J’ai beaucoup aimé les Libertines. Ce sont de bons musiciens, leurs disques sont aussi bien que le rock des années 60. J’aime aussi ce que Doherty et Carl Barât ont fait en solo. D’ailleurs, j’ai mis un morceau de Barât dans Un été brûlant. C’est fou comme les mythes du rock sont toujours les martyrs d’aujourd’hui. Comme les premiers chrétiens. J’ai été touché par la mort d’Amy Winehouse. Pas besoin d’être situationniste pour voir que le bonheur, elle ne l’a jamais vu nulle part, qu’elle a été brûlée par ses adorateurs, par la fascination qu’elle produisait.
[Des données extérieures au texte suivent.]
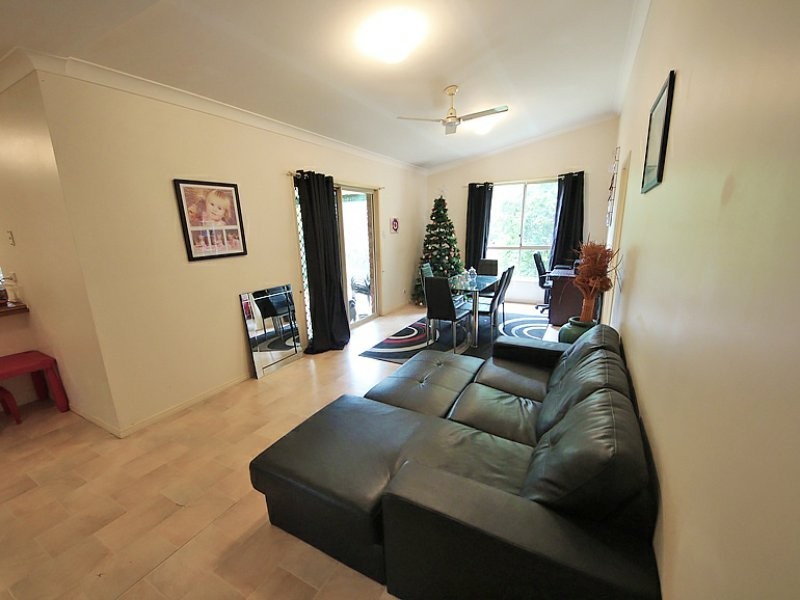 12 Wood Court, Kallangur QLD 4503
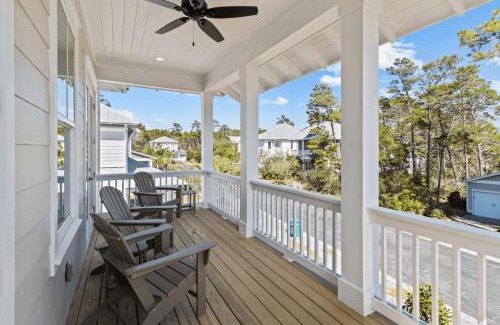 Lakeside at Blue Mountain Beach House | 30A Salt Life by AvantStay Golf Cart Pool Blue Mountain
Elle chante très bien parce qu’elle souffre, elle s’empoisonne à l’héroïne parce qu’elle souffre et elle devient la proie de tout ceux qui veulent se faire un nom sur sa célébrité, les paparazzis, les flics… Mais le cinéma a eu aussi ses martyrs, comme Pasolini, qui a été harcelé, était toujours en procès, condamné par le Vatican. Ou encore Tarkovski, qui n’arrivait jamais à tourner et qui a passé sa vie à ne faire que cinq ou six films… C’était un génie, Tarkovski.
Et Jean Seberg a-t-elle été une martyre ?
Euh… (silence) A la fin de sa vie, oui. Elle a subi quatre séances d’électrochocs, Jean. C’est quatre jours en camp de concentration, quatre électrochocs. En sortant de l’HP, c’est possible qu’elle ait pensé que si une partie de l’espèce humaine fait ça à une autre partie de l’espèce humaine, eh bien c’est plus possible, plus la peine de continuer. Ça a peut-être été déterminant dans le fait qu’elle se flingue. Les électrochocs existent toujours et le taux de suicide ensuite est hallucinant. Des psychiatres disent encore que c’est la méthode de la dernière chance. Pourtant, Freud, dans son journal, écrivait déjà que c’était un truc de charlatan, qu’on ne pouvait pas soigner une névrose avec ça, pas plus qu’on ne pouvait prédire l’avenir dans les rêves. Et Freud en savait quand même quelque chose sur les rêves (rires). C’était il y a plus de cent ans mais ça n’a pas disparu. Pierre (Clémenti) a subi des électrochocs. Moi aussi. Mais pour revenir à Jean, on peut dire qu’entre 1975 et 1979, elle a vécu en martyre.
Pouvez-vous nous parler des Hautes Solitudes, votre film avec Jean Seberg ?
L’idée, c’était de faire des chutes d’un film qui n’existerait pas avec une star, Jean Seberg. Parce que je m’étais dit que si, par exemple, on montait des chutes d’un film avec Elizabeth Taylor, ce serait plus beau que la plupart des autres films. Alors, j’ai conçu Les Hautes Solitudes comme des chutes, quelque chose de très brut sur son visage. Son impresario, son entourage pensaient que je lui faisais faire n’importe quoi. J’arrivais tous les jours dans son appartement avec ma caméra et je la filmais sur le balcon, près de la fenêtre, pendant des heures, sans rôle, sans scénario. Personne ne pensait que c’était un vrai film mais elle était très indépendante et elle s’en foutait.
Je considère que Les Hautes Solitudes est autant un film de Seberg que de moi. Et je pense que si on voit le film aujourd’hui, il tient. Autant que des films que j’ai faits plus tard avec plus de moyens. D’ailleurs, à l’époque, il avait déjà trouvé un public. C’est quand même un film muet, en noir et blanc, d’une heure vingt, et il est resté un mois dans un cinéma du Marais avec une salle remplie tous les soirs. Il faut dire que Jean Seberg a été vraiment une des plus grandes actrices du monde.
Quand vous repensez à Jean Seberg, Pierre Clémenti, Jean Eustache, vous sentez-vous comme un survivant et savez-vous ce qui vous a fait tenir ?
Mes trois enfants m’ont sûrement protégé. Même si Jean (Eustache), être père ne l’a pas empêché de se tuer.